Ma Hailan, Sun Zhenhong, Dong Daoyi, Chen Chunlin, Rabitz Herschel
IEEE Trans Cybern. 2025 Jun;55(6):2571-2582. doi: 10.1109/TCYB.2025.3556466. Epub 2025 May 16.
Quantum state tomography (QST) is the process of reconstructing the state of a quantum system (mathematically described as a density matrix) through a series of different measurements, which can be solved by learning a parameterized function to translate experimentally measured statistics into physical density matrices. However, the specific structure of quantum measurements for characterizing a quantum state has been neglected in previous work. In this article, we explore the similarity between highly structured sentences in natural language and intrinsically structured measurements in QST. To fully leverage the intrinsic quantum characteristics involved in QST, we design a quantum-aware transformer (QAT) model to capture the complex relationship between measured frequencies and density matrices. In particular, we query quantum operators in the architecture to facilitate informative representations of quantum data and integrate the Bures distance into the loss function to evaluate quantum state fidelity, thereby enabling the reconstruction of quantum states from measured data with high fidelity. Extensive simulations and experiments (on IBM quantum computers) demonstrate the superiority of the QAT in reconstructing quantum states with favorable robustness against experimental noise.

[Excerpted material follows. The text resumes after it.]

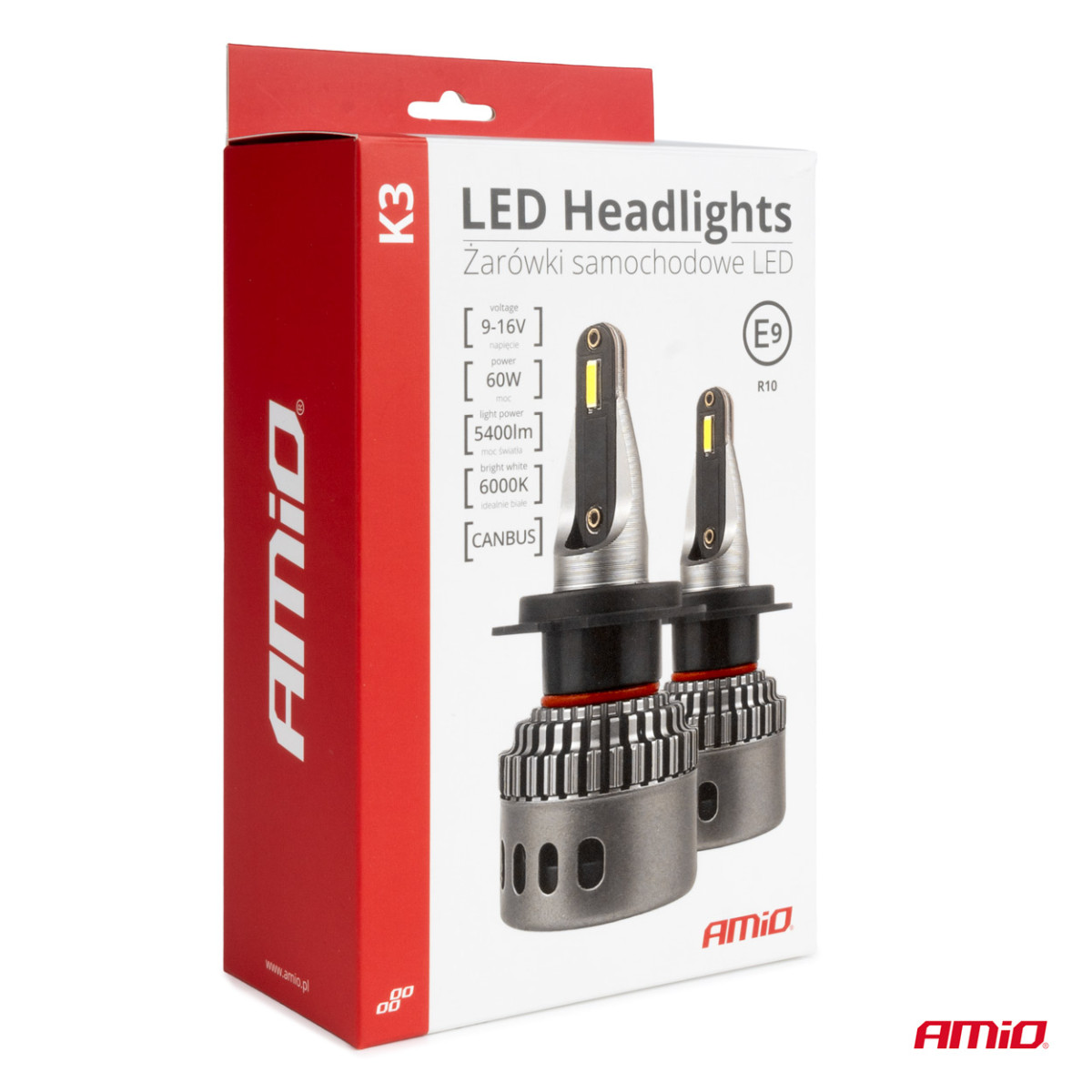 LED-esitulede pirnid K3 seeria H1 12V 6000K Canbus AMIO-03680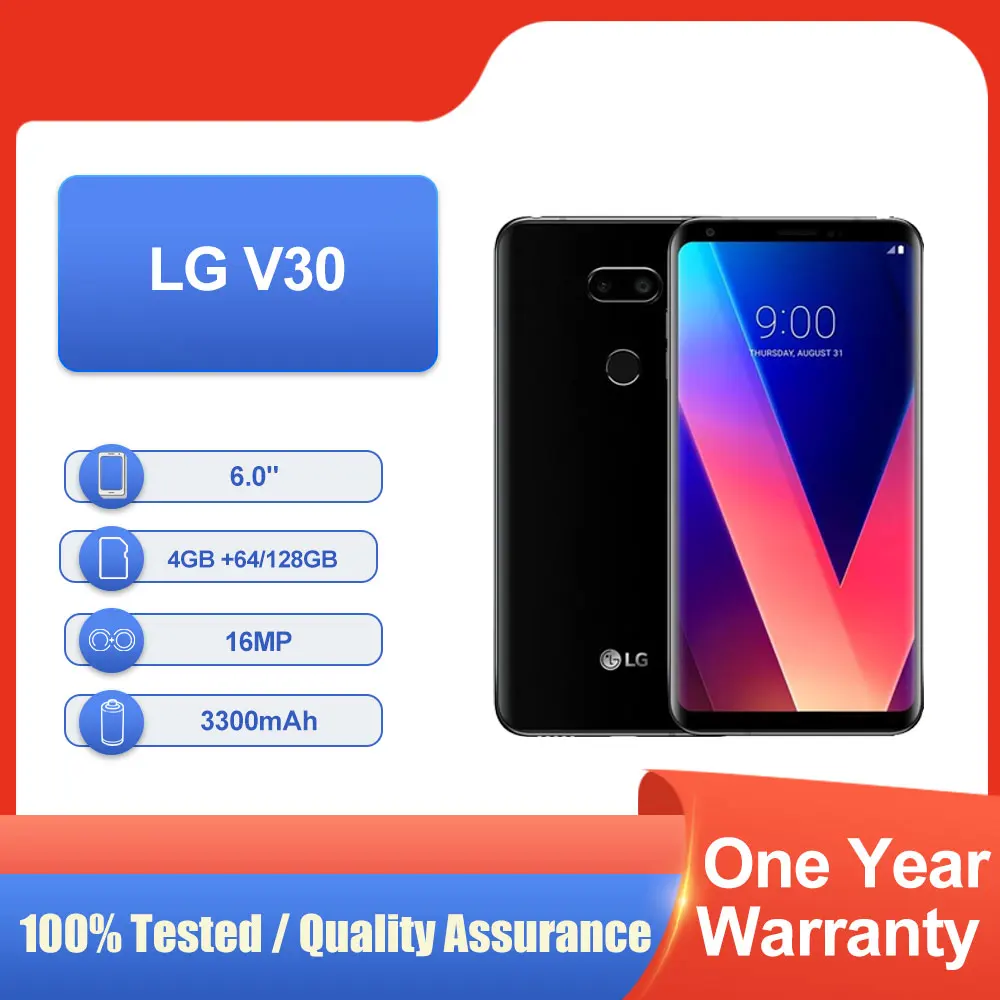 الأصلي مقفلة LG V30 VS996/US998/V300 6.0 "3300mAh مكبر الصوت شحن سريع الهاتف المحمول في حالة جيدة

量子态层析成像(QST)是通过一系列不同测量来重构量子系统状态(数学上描述为密度矩阵)的过程,该过程可通过学习一个参数化函数来解决,即将实验测量的统计数据转换为物理密度矩阵。然而,先前的工作忽略了用于表征量子态的量子测量的具体结构。在本文中,我们探索自然语言中高度结构化句子与QST中内在结构化测量之间的相似性。为了充分利用QST中涉及的内在量子特性,我们设计了一种量子感知变压器(QAT)模型,以捕捉测量频率与密度矩阵之间的复杂关系。特别是,我们在架构中查询量子算子,以促进量子数据的信息性表示,并将布雷斯距离整合到损失函数中以评估量子态保真度,从而能够从测量数据中以高保真度重构量子态。广泛的模拟和实验(在IBM量子计算机上)证明了QAT在重构量子态方面的优越性,对实验噪声具有良好的鲁棒性。